# [Provided information]

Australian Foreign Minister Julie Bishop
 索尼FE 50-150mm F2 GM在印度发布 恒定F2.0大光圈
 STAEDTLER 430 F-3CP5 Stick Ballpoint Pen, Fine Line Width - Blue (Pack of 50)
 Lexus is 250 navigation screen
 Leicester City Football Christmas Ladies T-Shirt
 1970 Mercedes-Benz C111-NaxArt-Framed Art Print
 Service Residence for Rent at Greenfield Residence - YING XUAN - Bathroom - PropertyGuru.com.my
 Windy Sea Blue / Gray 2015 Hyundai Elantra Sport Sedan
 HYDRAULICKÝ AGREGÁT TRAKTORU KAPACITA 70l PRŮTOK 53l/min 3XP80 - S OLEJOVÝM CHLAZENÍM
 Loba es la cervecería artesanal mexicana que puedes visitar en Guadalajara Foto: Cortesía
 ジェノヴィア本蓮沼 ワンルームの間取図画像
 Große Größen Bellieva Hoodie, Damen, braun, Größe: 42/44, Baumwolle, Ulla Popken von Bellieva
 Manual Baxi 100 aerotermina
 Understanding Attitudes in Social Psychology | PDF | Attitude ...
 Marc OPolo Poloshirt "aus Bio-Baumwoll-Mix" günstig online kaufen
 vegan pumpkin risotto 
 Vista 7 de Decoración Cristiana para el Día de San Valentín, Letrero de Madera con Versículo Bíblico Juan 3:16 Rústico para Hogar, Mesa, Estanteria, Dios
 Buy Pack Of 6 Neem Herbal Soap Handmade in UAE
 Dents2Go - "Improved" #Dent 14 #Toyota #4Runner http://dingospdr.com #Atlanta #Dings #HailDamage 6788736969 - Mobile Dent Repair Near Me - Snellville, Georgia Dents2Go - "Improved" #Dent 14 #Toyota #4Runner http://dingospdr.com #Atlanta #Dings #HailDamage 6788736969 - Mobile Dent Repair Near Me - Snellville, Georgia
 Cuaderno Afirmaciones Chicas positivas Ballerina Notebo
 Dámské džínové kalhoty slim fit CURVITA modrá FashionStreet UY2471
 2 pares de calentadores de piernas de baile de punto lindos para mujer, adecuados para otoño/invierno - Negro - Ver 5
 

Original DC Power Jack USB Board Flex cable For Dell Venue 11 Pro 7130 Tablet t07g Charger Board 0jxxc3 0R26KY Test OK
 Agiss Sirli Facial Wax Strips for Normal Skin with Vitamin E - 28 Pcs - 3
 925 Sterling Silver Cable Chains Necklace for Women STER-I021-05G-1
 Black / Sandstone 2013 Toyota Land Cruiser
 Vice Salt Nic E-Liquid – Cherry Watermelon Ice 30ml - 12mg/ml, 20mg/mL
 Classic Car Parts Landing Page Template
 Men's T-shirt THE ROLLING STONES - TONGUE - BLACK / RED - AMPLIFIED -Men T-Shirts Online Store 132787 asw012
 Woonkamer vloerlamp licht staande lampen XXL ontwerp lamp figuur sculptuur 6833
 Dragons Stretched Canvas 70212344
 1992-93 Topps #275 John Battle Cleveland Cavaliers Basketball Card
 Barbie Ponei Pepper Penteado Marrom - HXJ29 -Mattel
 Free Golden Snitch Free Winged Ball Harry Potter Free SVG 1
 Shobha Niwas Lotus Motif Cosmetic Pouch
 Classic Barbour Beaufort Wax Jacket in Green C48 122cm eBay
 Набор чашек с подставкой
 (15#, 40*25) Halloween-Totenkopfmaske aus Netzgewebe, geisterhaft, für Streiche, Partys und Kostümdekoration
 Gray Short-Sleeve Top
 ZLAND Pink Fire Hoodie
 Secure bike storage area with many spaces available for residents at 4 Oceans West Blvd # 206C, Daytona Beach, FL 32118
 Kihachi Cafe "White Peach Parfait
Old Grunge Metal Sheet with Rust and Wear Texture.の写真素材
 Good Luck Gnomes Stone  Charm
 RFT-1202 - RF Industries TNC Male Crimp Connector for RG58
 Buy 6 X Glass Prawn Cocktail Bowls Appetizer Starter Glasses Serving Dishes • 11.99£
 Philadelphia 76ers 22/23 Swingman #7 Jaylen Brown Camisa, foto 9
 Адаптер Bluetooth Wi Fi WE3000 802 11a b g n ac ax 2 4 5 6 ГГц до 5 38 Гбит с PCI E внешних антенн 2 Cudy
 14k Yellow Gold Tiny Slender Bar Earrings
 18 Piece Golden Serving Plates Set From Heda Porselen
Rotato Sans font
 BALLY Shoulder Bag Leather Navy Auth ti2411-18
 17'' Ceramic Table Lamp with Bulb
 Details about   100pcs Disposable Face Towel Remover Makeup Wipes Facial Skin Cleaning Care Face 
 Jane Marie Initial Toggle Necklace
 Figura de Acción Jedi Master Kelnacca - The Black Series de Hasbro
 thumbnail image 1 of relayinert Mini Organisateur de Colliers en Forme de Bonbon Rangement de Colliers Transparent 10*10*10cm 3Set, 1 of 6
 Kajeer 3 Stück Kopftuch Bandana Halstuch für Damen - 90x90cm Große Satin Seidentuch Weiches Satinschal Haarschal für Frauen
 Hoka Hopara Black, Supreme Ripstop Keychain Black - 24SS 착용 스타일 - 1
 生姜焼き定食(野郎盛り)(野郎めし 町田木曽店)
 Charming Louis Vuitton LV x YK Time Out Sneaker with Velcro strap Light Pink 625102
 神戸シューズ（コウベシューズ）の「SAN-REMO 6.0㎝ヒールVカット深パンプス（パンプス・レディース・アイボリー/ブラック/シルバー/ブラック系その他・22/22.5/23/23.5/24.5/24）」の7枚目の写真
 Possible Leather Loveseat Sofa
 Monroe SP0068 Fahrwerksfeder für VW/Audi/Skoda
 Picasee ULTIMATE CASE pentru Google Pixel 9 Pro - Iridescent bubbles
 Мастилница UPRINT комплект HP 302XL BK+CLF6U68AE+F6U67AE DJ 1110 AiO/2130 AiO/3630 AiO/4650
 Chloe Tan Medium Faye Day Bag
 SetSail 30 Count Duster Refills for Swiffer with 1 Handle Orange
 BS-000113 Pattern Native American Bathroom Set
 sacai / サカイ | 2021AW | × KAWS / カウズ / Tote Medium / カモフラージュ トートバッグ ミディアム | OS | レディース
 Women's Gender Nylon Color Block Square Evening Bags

# [Problem description]
From the line containing "Charming Louis Vuitton" down to the last line of the material, each line is to be retyped exactly; no other lines belong in the answer.

# [Result for this task]
 Charming Louis Vuitton LV x YK Time Out Sneaker with Velcro strap Light Pink 625102
 神戸シューズ（コウベシューズ）の「SAN-REMO 6.0㎝ヒールVカット深パンプス（パンプス・レディース・アイボリー/ブラック/シルバー/ブラック系その他・22/22.5/23/23.5/24.5/24）」の7枚目の写真
 Possible Leather Loveseat Sofa
 Monroe SP0068 Fahrwerksfeder für VW/Audi/Skoda
 Picasee ULTIMATE CASE pentru Google Pixel 9 Pro - Iridescent bubbles
 Мастилница UPRINT комплект HP 302XL BK+CLF6U68AE+F6U67AE DJ 1110 AiO/2130 AiO/3630 AiO/4650
 Chloe Tan Medium Faye Day Bag
 SetSail 30 Count Duster Refills for Swiffer with 1 Handle Orange
 BS-000113 Pattern Native American Bathroom Set
 sacai / サカイ | 2021AW | × KAWS / カウズ / Tote Medium / カモフラージュ トートバッグ ミディアム | OS | レディース
 Women's Gender Nylon Color Block Square Evening Bags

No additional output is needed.